* **Excerpted records**
• • • •

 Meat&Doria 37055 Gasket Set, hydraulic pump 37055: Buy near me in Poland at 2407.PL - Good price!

• • • •

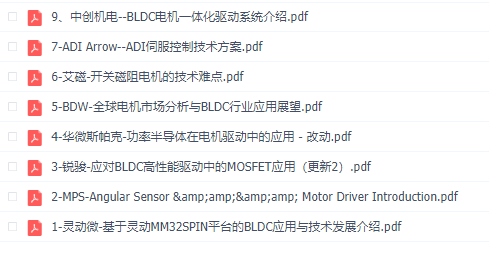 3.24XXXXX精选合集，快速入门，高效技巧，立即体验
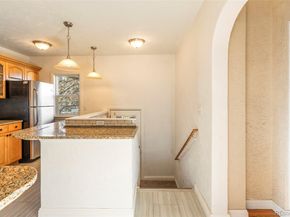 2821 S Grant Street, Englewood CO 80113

• • • •

* **Directions**
What's needed is an exact copy of the records above from the line containing "3.24XXXXX精选合集，快速入门，高效技巧，立即体验" down to the line containing "2821 S Grant Street, Englewood CO 80113", both included, without any pictures.

* **The completed task**
 3.24XXXXX精选合集，快速入门，高效技巧，立即体验
 2821 S Grant Street, Englewood CO 80113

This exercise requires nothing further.